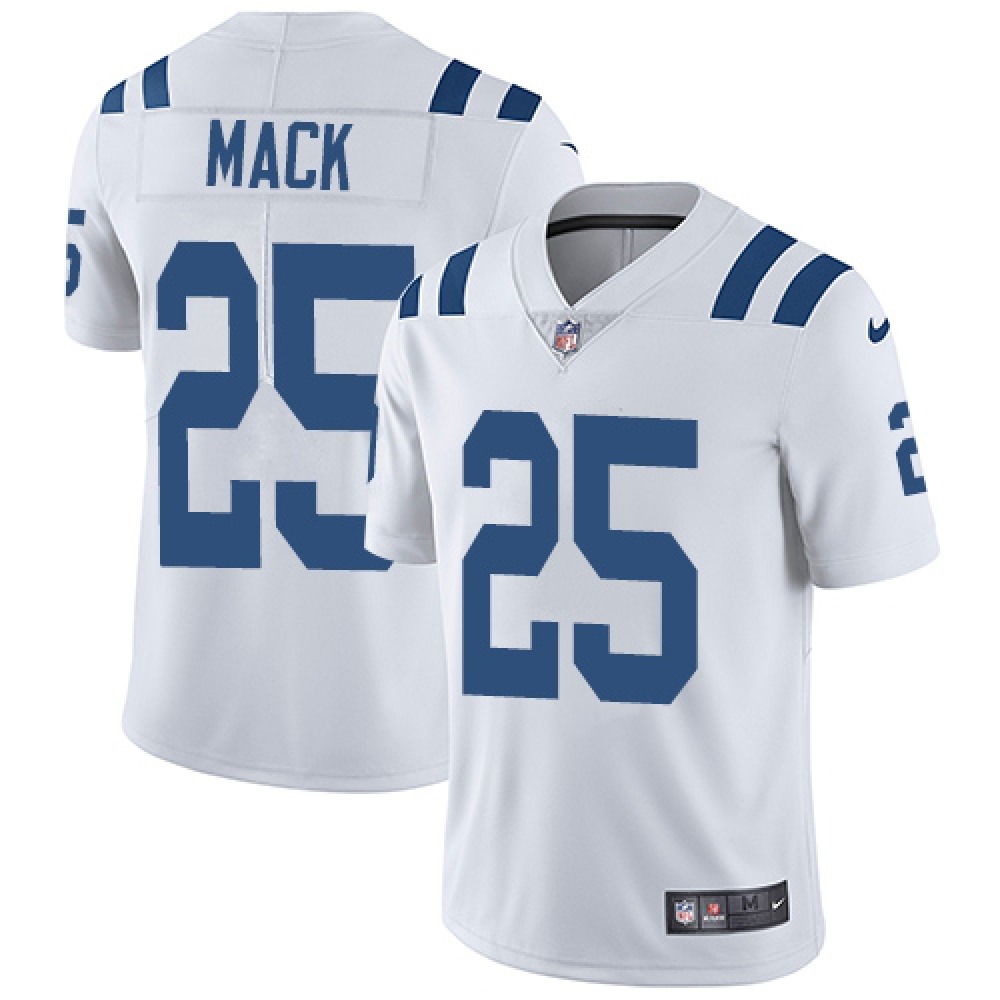 Men's Indianapolis Colts #25 Marlon Mack White Vapor Untouchable Limited Stitched NFL Jersey Men's Indianapolis Colts #25 Marlon Mack White Vapor Untouchable Limited Stitched NFL Jersey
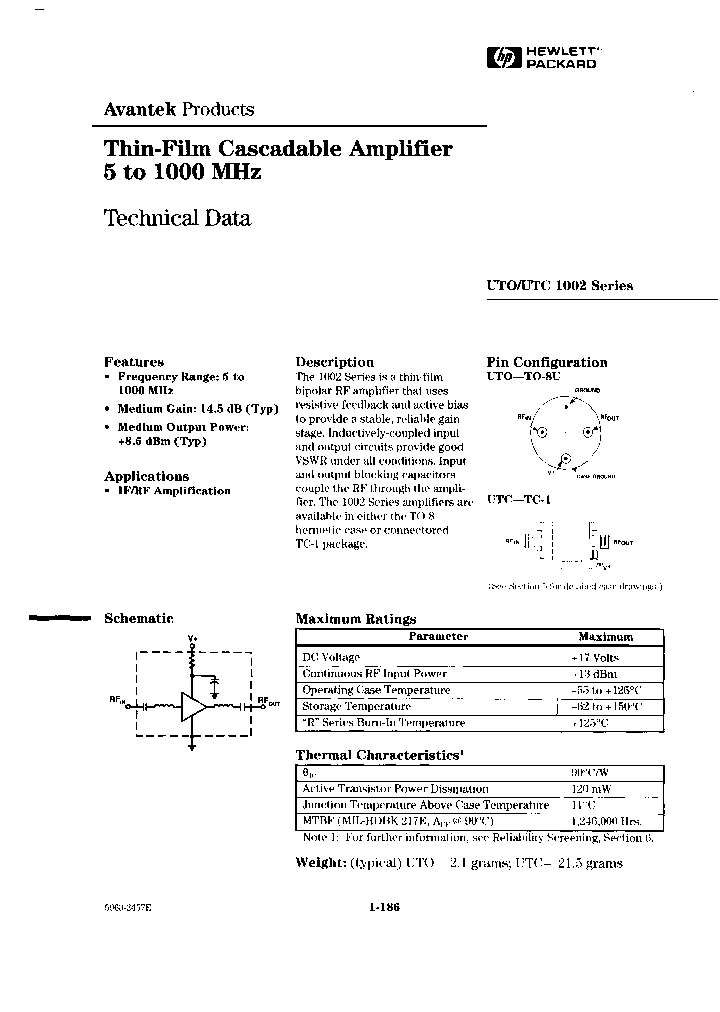 UTC-1002-1_6642943.PDF Datasheet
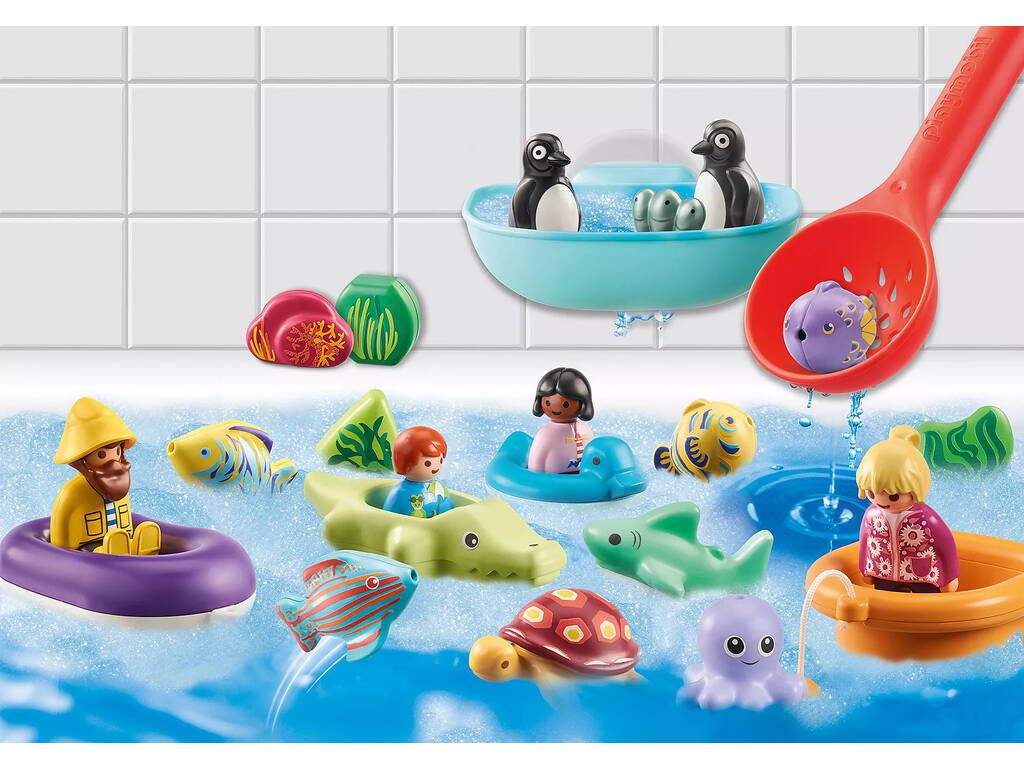 Playmobil 1.2.3 Calendário do Advento, Diversão no Banho Playmobil 71086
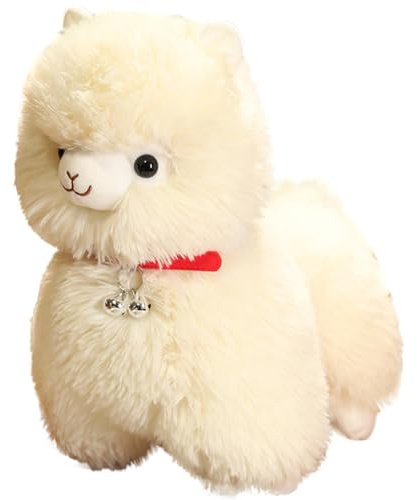 Liqzirtu Plüschtier - Niedliche Puppe | Weiches Langes Kuschelkissen, Flauschiges Stofftier Kissen, Adorables Lama Geschenk Geburtstag Weihnachten Für Kinder Mädchen, Dekoratives Plüsch
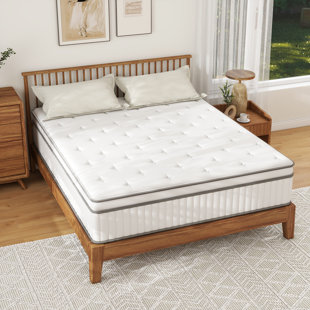 ALWYN HOME Michigantown 14" Hybrid King Size Mattress in a Box, Memory Foam & Pocket Spring Medium Firm Mattress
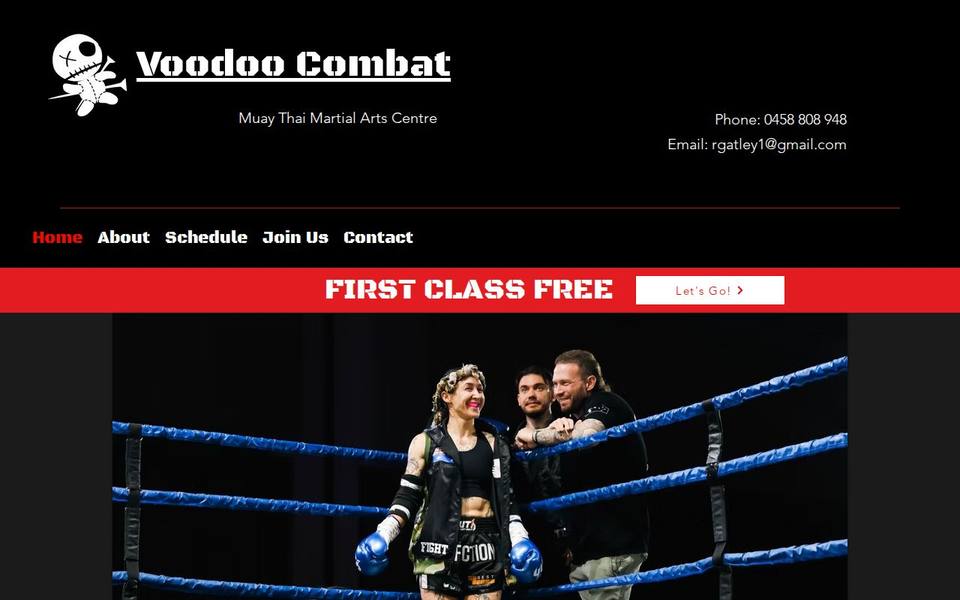 Voodoo Combat website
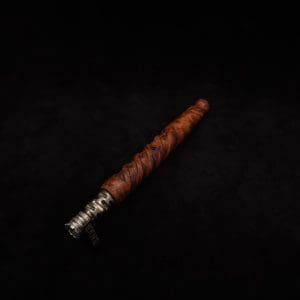 This image portrays Helical Dynavap XL Exhibition Grade Burl Stem + Book-Matched M.P.-NEW! by Dovetail Woodwork.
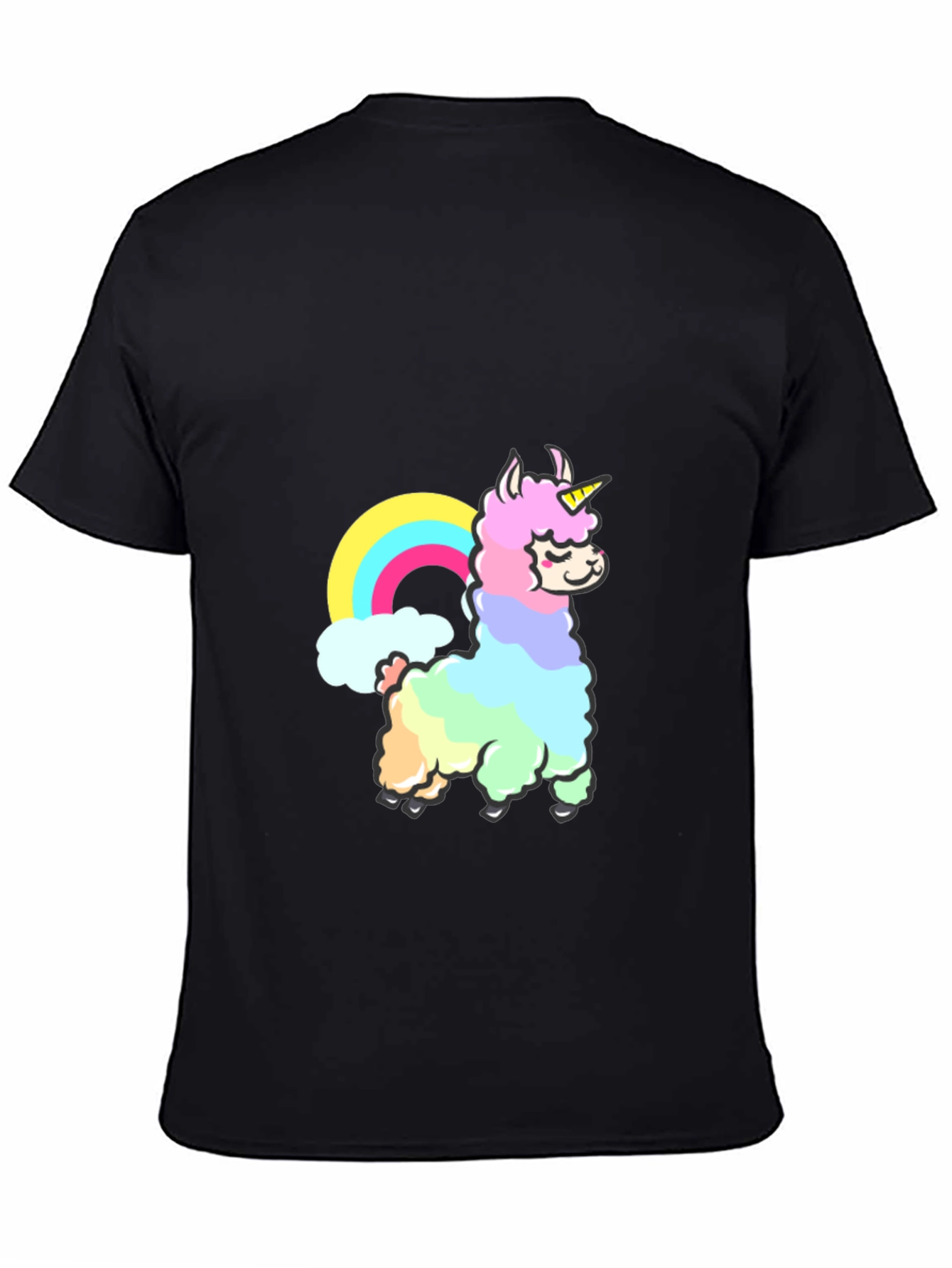 Rainbow Llama Unicorn Graphic T-Shirt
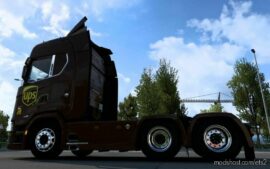 ETS2 Scania Mod: Skin Scania S 2016 UPS 1.44 (Image #3)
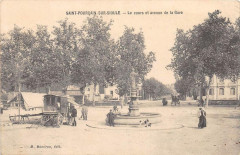 Saint Pourcain Sur Sioule Le Cours Et Avenue De La Gare -
													03 Allier
												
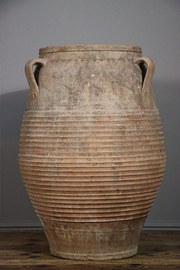 Large Greek Antique Terracotta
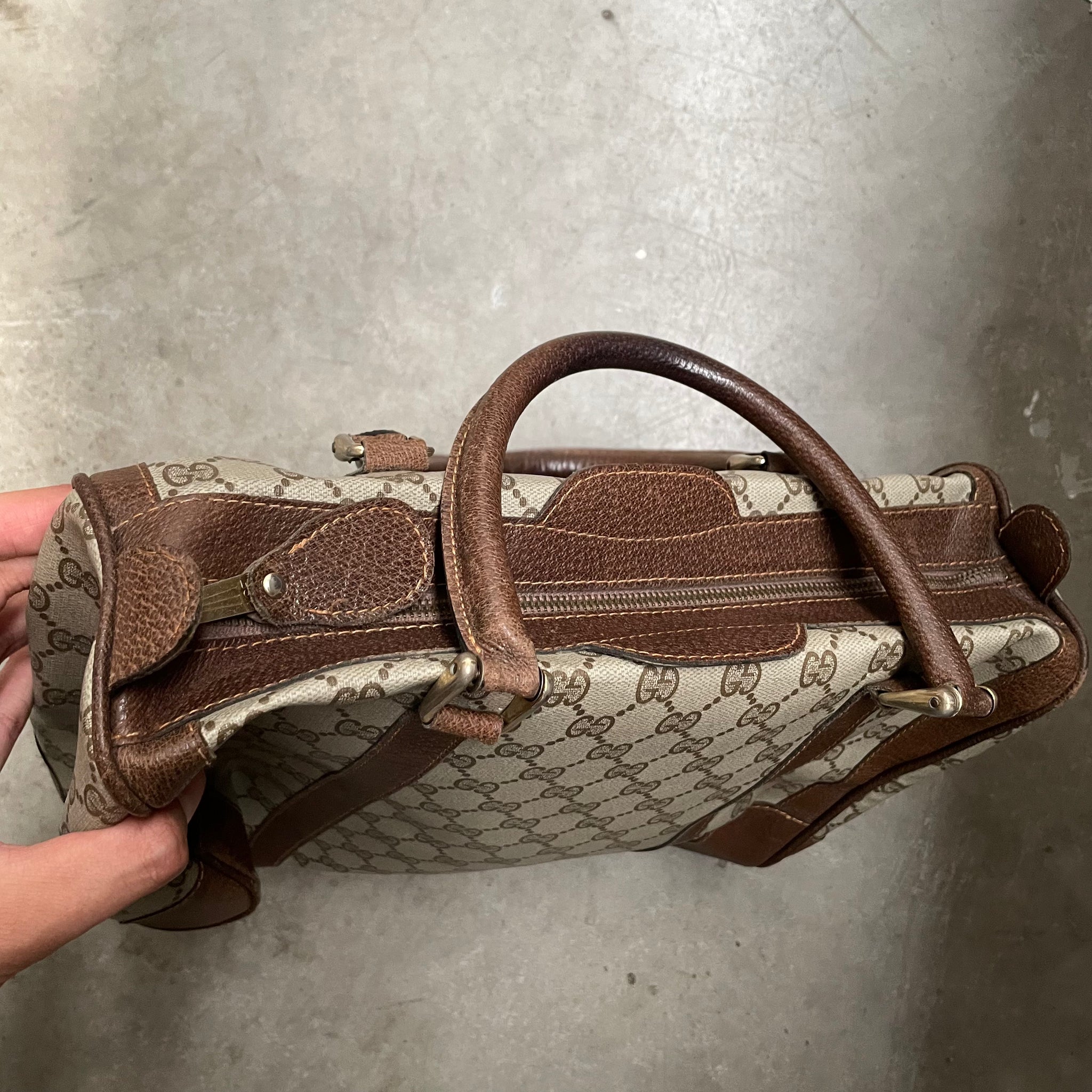 Gucci Brown Mini Boston Bag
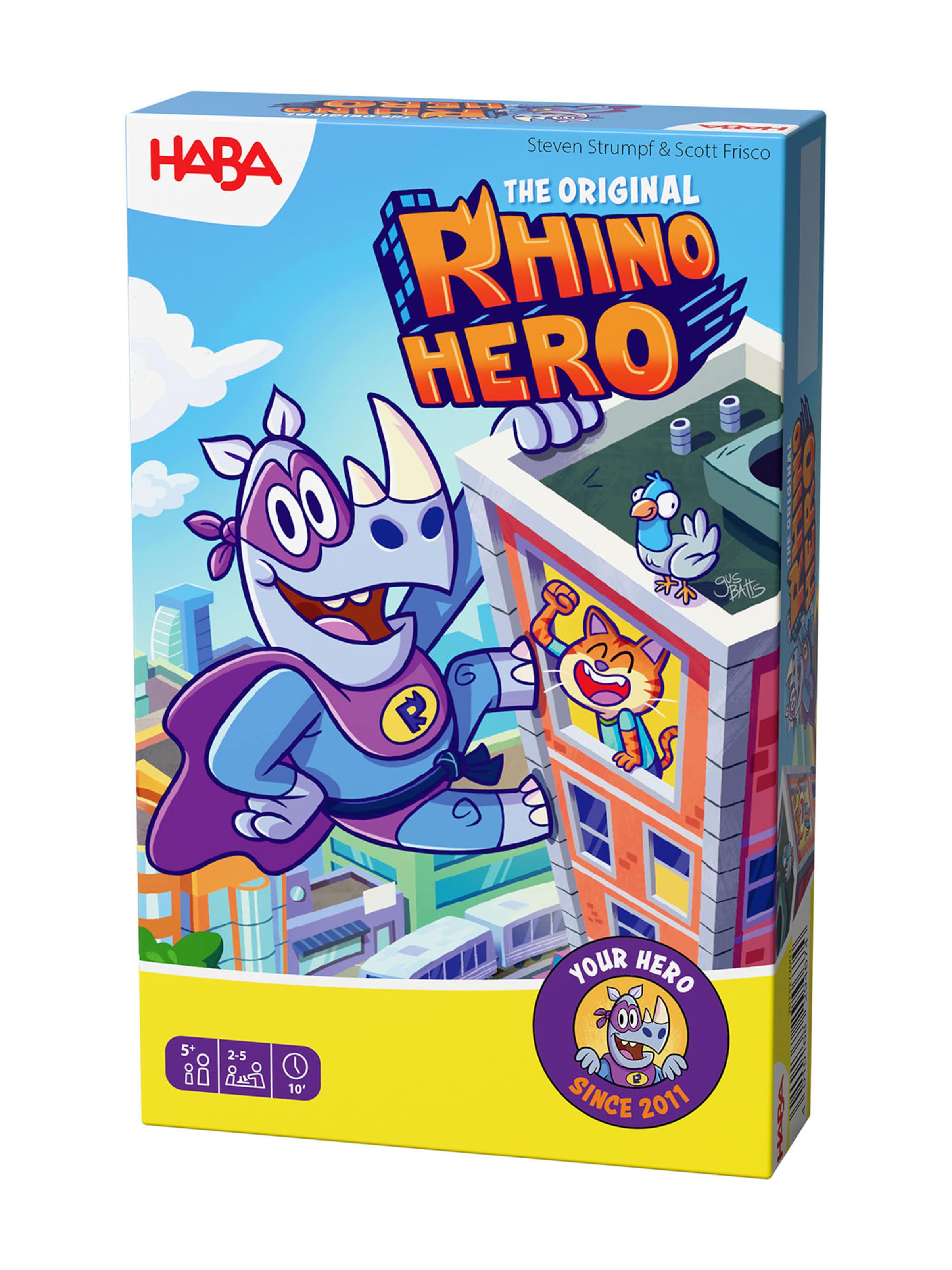 HABA Spel ' Rhino Hero & Nice Ice ' in Gemengde kleuren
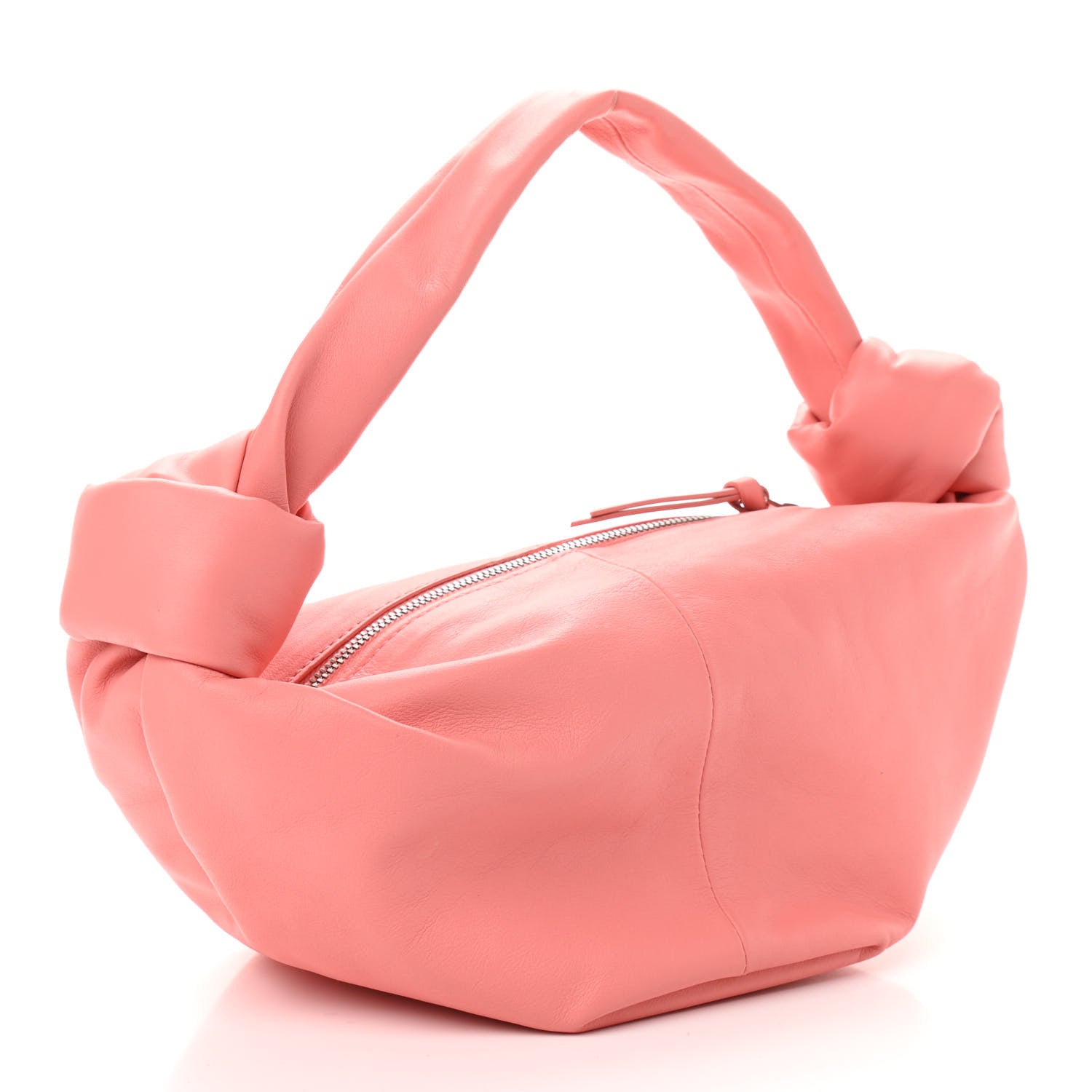 Bottega Veneta Nappa Mini Double Knot Bag Peachy 3 of 9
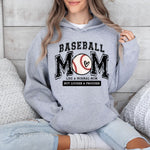 Load image into Gallery viewer, Baseball Mom Hoodie, Pullover, or Tee in Gray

◆ ◆ ◆

§ EXERCISE DIRECTIONS
Copy each entry exactly as written. Images should not appear in the copy.

§ OUTPUT BELOW
 Men's Indianapolis Colts #25 Marlon Mack White Vapor Untouchable Limited Stitched NFL Jersey Men's Indianapolis Colts #25 Marlon Mack White Vapor Untouchable Limited Stitched NFL Jersey
 UTC-1002-1_6642943.PDF Datasheet
 Playmobil 1.2.3 Calendário do Advento, Diversão no Banho Playmobil 71086
 Liqzirtu Plüschtier - Niedliche Puppe | Weiches Langes Kuschelkissen, Flauschiges Stofftier Kissen, Adorables Lama Geschenk Geburtstag Weihnachten Für Kinder Mädchen, Dekoratives Plüsch
 ALWYN HOME Michigantown 14" Hybrid King Size Mattress in a Box, Memory Foam & Pocket Spring Medium Firm Mattress
 Voodoo Combat website
 This image portrays Helical Dynavap XL Exhibition Grade Burl Stem + Book-Matched M.P.-NEW! by Dovetail Woodwork.
 Rainbow Llama Unicorn Graphic T-Shirt
 ETS2 Scania Mod: Skin Scania S 2016 UPS 1.44 (Image #3)
 Saint Pourcain Sur Sioule Le Cours Et Avenue De La Gare -
													03 Allier
												
 Large Greek Antique Terracotta
 Gucci Brown Mini Boston Bag
 HABA Spel ' Rhino Hero & Nice Ice ' in Gemengde kleuren
 Bottega Veneta Nappa Mini Double Knot Bag Peachy 3 of 9
 Load image into Gallery viewer, Baseball Mom Hoodie, Pullover, or Tee in Gray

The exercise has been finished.